Handling data cubes in VO

Tue Dec 27 09:54:29 PST 2005

What is being described below is a WCS.  A WCS defines a mapping from some
physical or measurement coordinate system, such as a pixel array, to some
arbitrary, possibly nonlinear, world/user coordinate system.  The mapping
can be one-to-many, i.e., there can be multiple world systems defined
for the same physical system.  The physical system does not have to be a
pixel array, but normally it is some linear cartesian system.  For example,
one can associate a WCS with event coordinates in some detector coordinate
system, instead of with sampled pixels.  While a pixel array is regularly
sampled, this is merely a very important special case of a more general
formalism.  One can also define a WCS for irregularly sampled data.

A WCS is an object which one can associate with a data array, and event
stream, a graphics window, whatever.  The important thing is the WCS
object can exist and be used independently of any associated data array.
An implementation provides methods for forward and reverse transforms
and the like.  (What Dave Berry described is an example of this but there
are many others).

"Cutout" operations do not resample the data and are most naturally
expressed in physical coordinates, although world coordinates will work
as well if the WCS transformation is well defined.  When we talk about
"making the subscripts real" this is a reprojection, often defined in
world coordinates.  In general this involves resampling the data and there
are many ways in which this can be done.  The details of the interpolation
performed are more the domain of the application.

For a concrete example consider the case of a 2D slice through a 3D cube
at an arbitrary position and angle.  This is a 2D reprojection expressed in
3D coordinates.  The scale can be changed at the same time.  This operation
can be specified by defining the parameters of the WCS of the data the
client wants to get back, plus possibly some image generation parameters
such as the "naxis" array, e.g. to ensure that the image returned is 2D.

In terms of implementation, what the service does for this use-case is
define a transformation from the WCS of the client-specified output image
(the 2D slice) to the pixel array of the cube.  This transformation is
a new WCS, computed on the fly by the service to perform the resampling,
and then discarded.  For each pixel in the output 2D image (3D slice) the
new WCS transformation defines the fractional pixel coordinates within the
3D cube.  The 3D interpolation scheme of choice is then used to compute
the resampled pixel.  These are complex operations, but software already
exists to do this sort of thing.  It is not specific to VO.

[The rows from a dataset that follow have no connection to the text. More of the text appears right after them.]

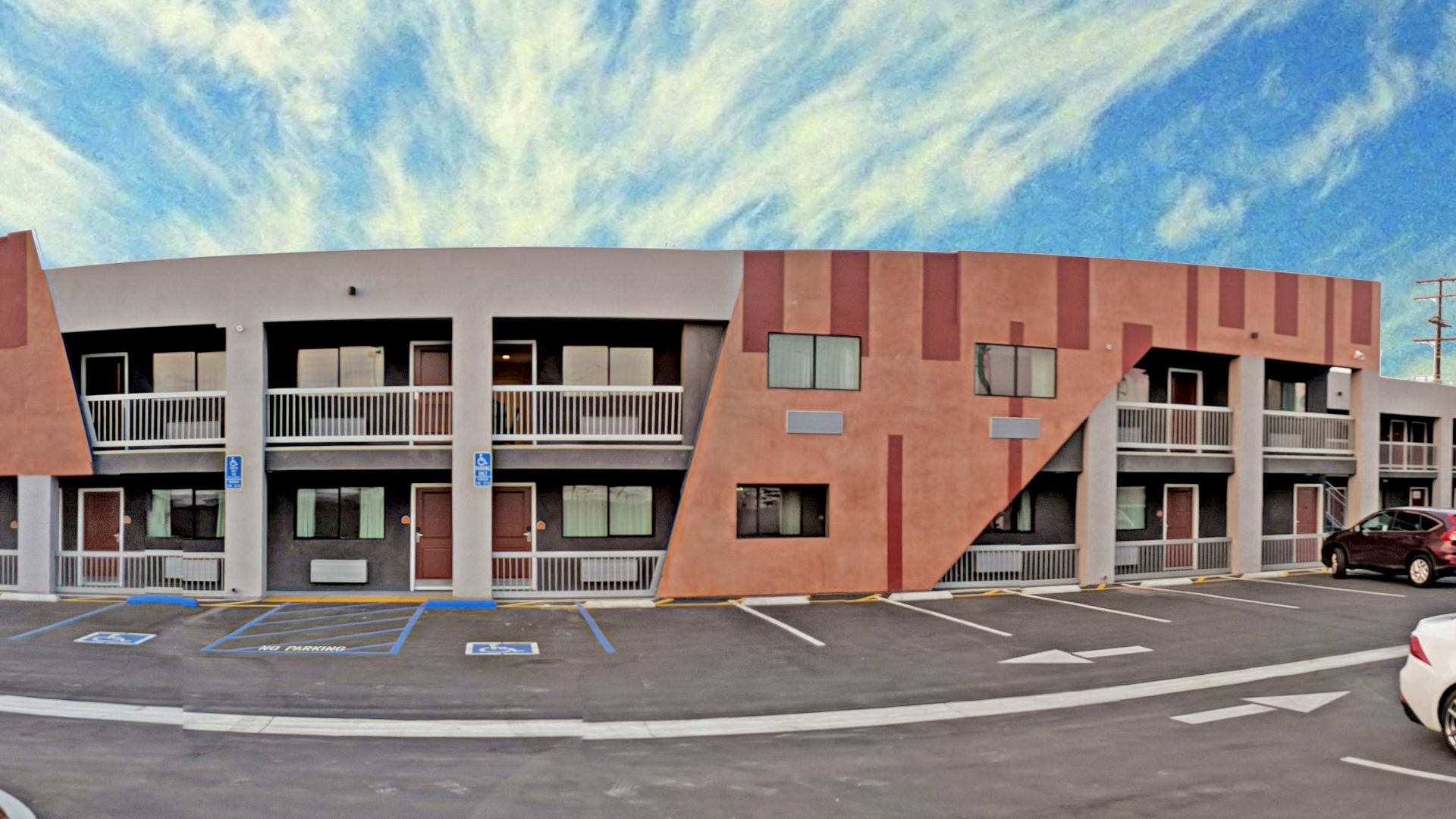 The image shows a two-story motel building with several parking spaces in front, some containing cars, under a sky with scattered clouds.
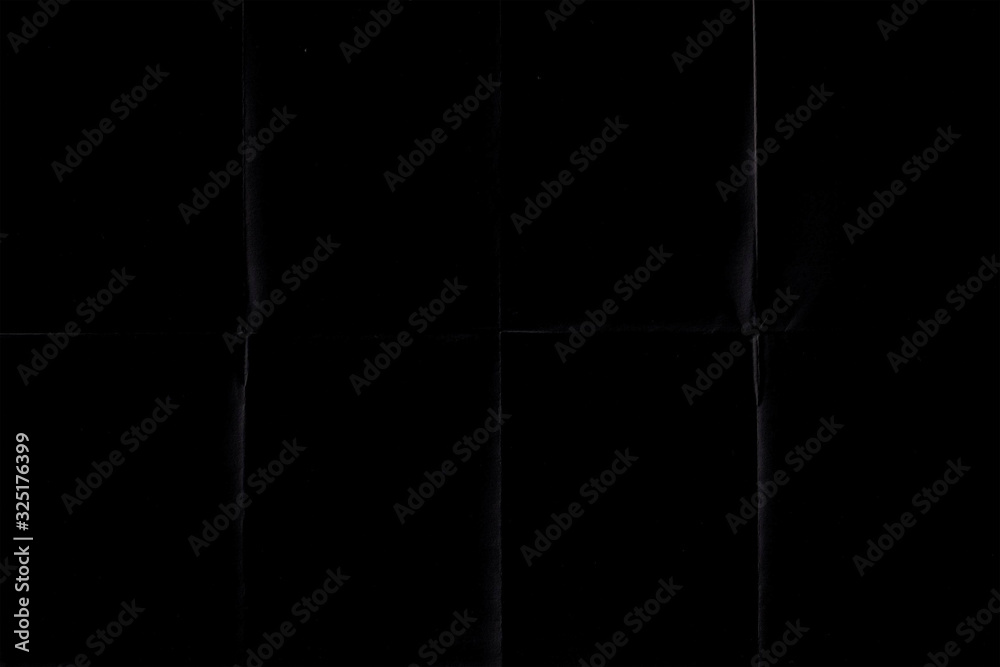 Naklejka premium black crumpled paper texture with folds, black background, wallpaper.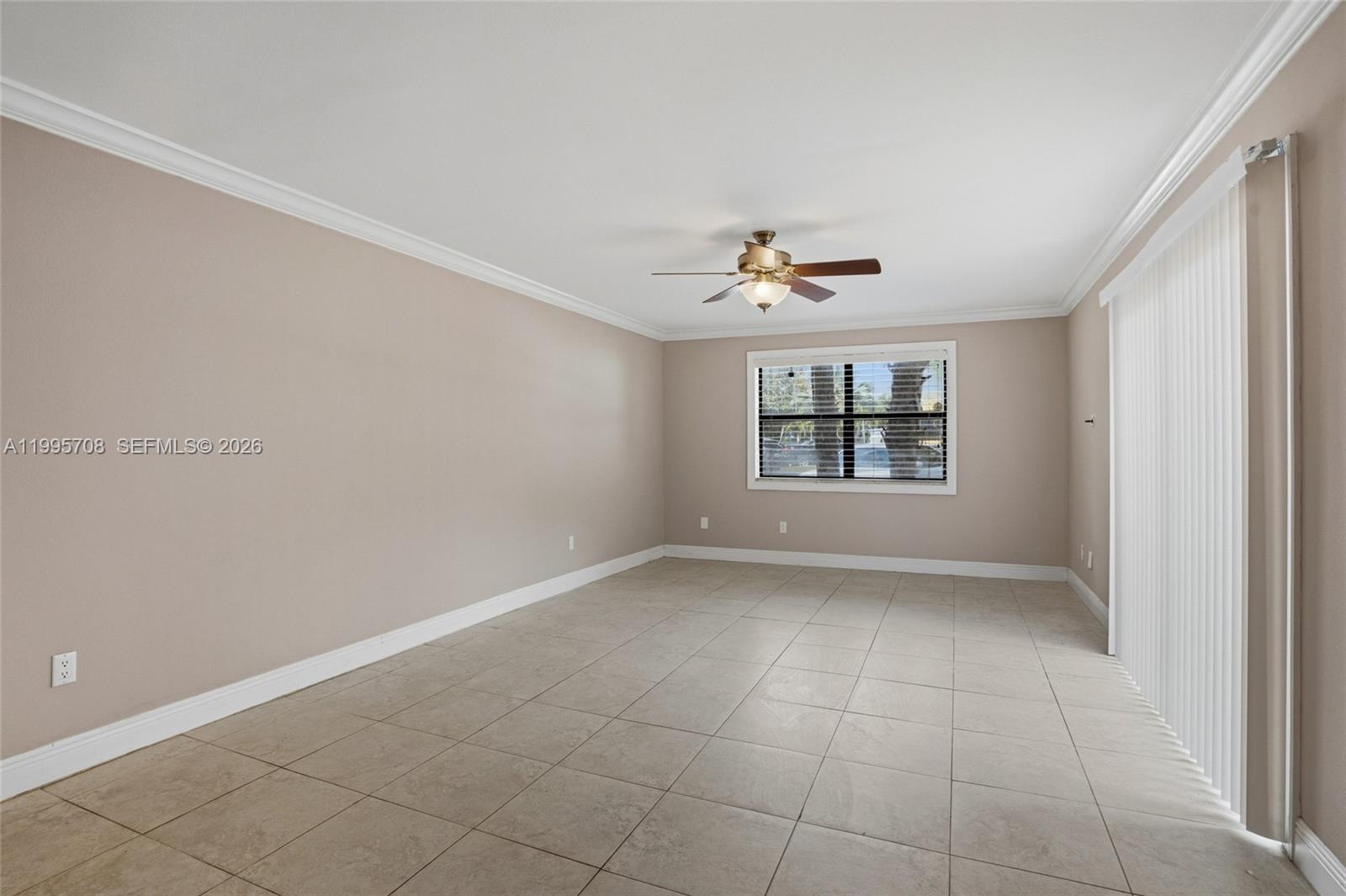 13993 Southwest 94th Cir Lane, Unit 1013 Miami, FL 33186 - Photo 8 of 36 an empty room with windows and chandelier fan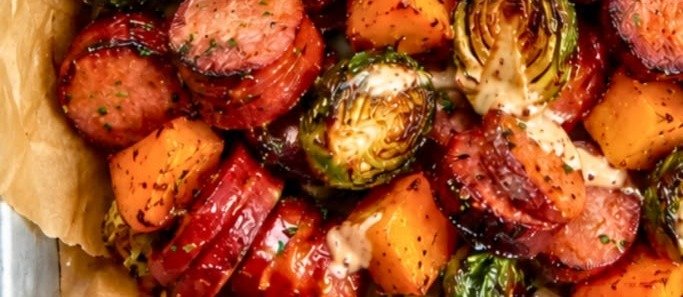 Sheet pan sausage with roasted Brussels sprouts and butternut squash drizzled with apple cider Dijon sauce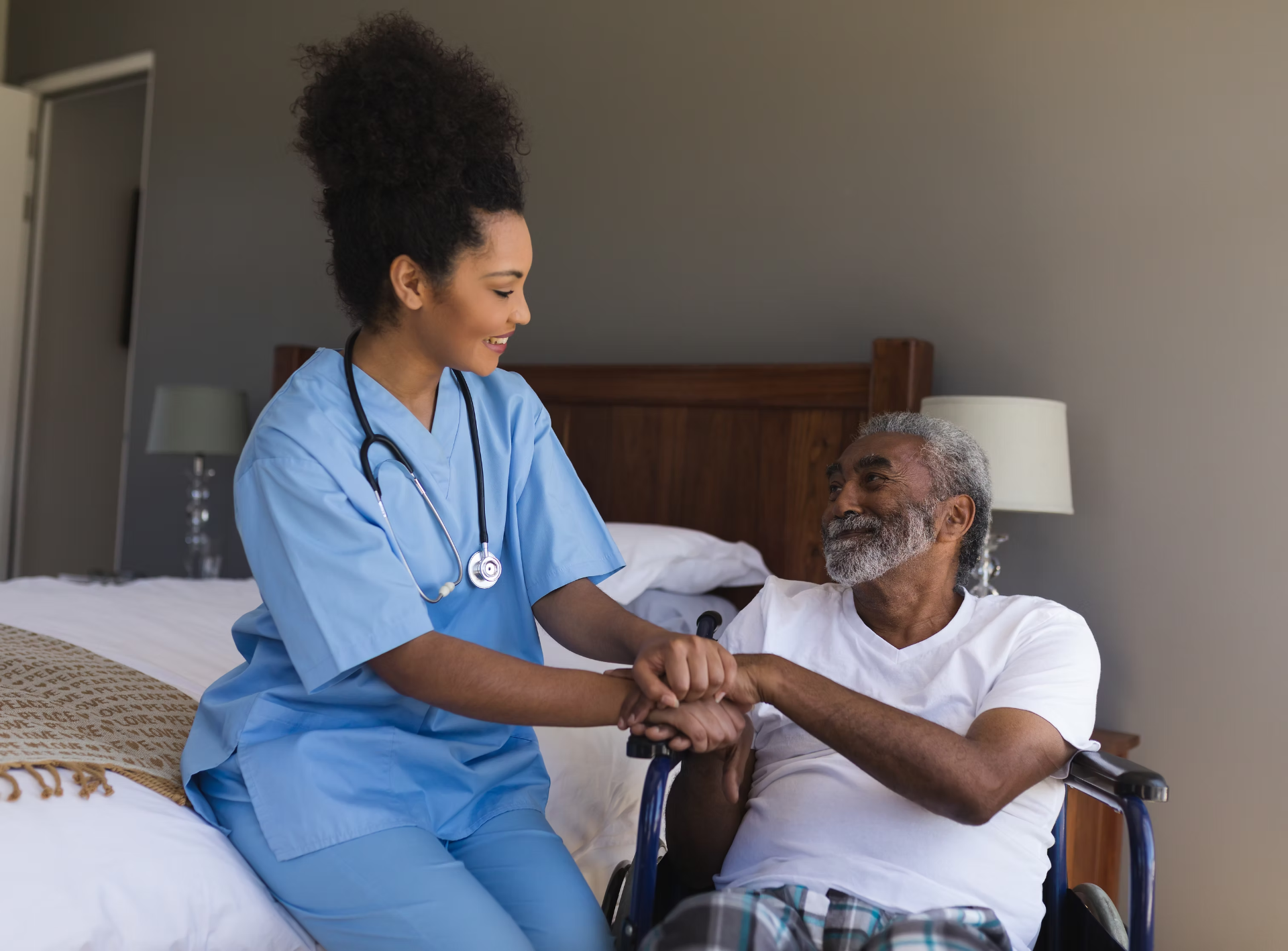 Caregiver holding the hand of an elderly resident with warmth and trust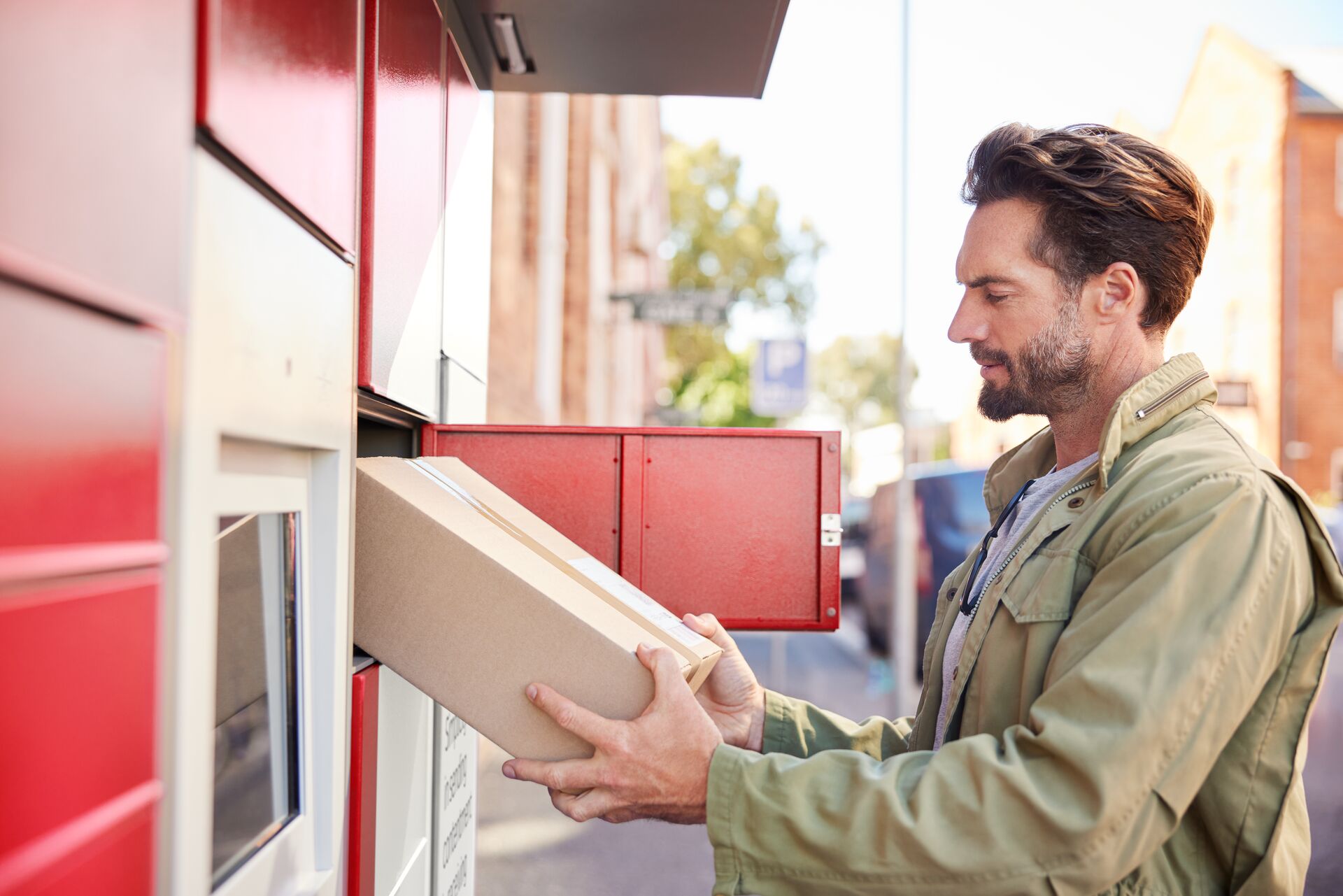 Paketempfänger nimmt ein Paket aus einer Pickup Paketstation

To summarize, the WCS concept is central to dealing with things like cubes.
We also need "cutout" and "reprojection".  A regularly sampled data
cube is a 3D "image".  "Image" is just a multidimensional array with
associated metadata.  Given these concepts we can slice and dice cubes
(or 2D sky projection images) with as much or as little control over the
operation as desired.

Do not confuse the concrete cases of the FITS image and FITS WCS with these
more powerful underlying concepts.  Although the FITS implementations may
appear crude, and tend to conflate the data model and the serialization,
the concepts and underlying data models are the right ones.    - Doug

------
On Mon, 26 Dec 2005, Roy Williams wrote:
> On Dec 26, 2005, at 1:11 PM, Arnold Rots wrote:
>> Part of this, especially item 5, is really a DM discussion.
>> David Berry proposed that the relation between physical coordinate
>> axes and pixel coordinates is really a transformation between two
>> separate coordinate systems (and provided an implementation).
>
> There is as always a decision about where to stop on the road to complexity. 
> The first stage is to make the subscripts real with linear interpolation, so 
> that W(3.2) is defined to be 0.8*W(3)+0.2*W(4). Next we could offer a choice 
> of interpolation schemes. Next we can identify a transformation to a physical 
> coordinate (linear and log axes etc). We can have subscripts for both 
> independent and dependent quantities -- irregularly spaced data.
>
> I guess I would want to keep things as simple as possible, get a solid 
> implementation and users, and only add sophistication when a real genuine use 
> case -- or two or three -- scream their heads off and demand more complexity. 
> That's just how I would do it.
>
> Roy
>
> California Institute of Technology
> 626 395 3670
>